■ **Problem description**
What is the number of lines in the listing below that contain the word "with"? Give only that number.

■ **Material for this task**
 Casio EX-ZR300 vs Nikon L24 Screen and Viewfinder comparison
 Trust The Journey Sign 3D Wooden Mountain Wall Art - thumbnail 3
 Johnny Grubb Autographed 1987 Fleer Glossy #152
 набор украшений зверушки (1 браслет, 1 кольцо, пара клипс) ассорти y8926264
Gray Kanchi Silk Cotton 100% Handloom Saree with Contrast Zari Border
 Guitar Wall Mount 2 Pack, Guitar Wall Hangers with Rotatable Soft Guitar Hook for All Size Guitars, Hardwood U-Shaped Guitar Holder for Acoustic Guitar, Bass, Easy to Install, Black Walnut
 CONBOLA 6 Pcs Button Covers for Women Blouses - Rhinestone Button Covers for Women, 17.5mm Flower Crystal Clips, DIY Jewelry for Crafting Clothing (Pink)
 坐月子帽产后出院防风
==
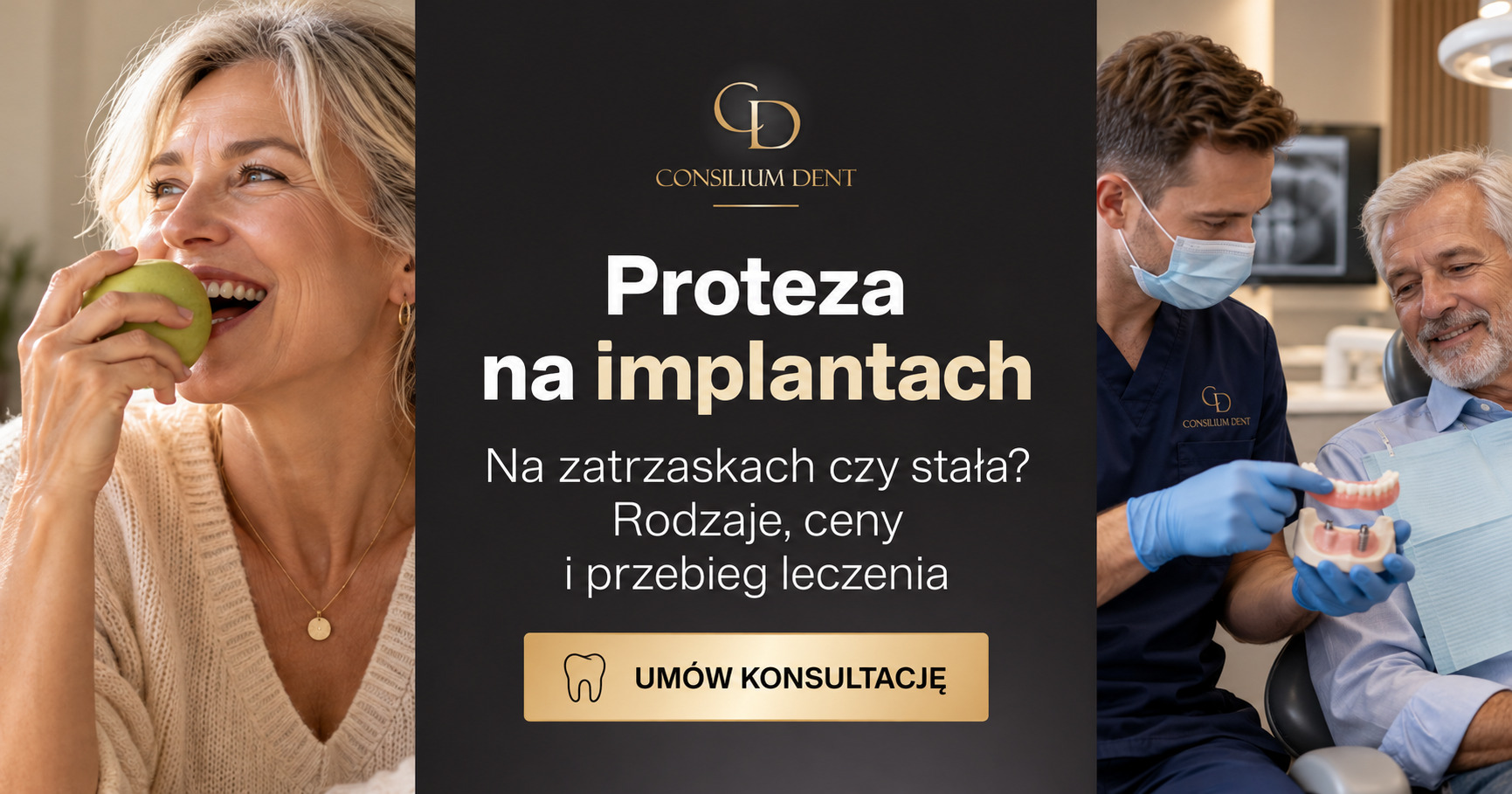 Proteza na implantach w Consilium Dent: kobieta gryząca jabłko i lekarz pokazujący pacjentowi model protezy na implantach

■ **Answer to this problem**
2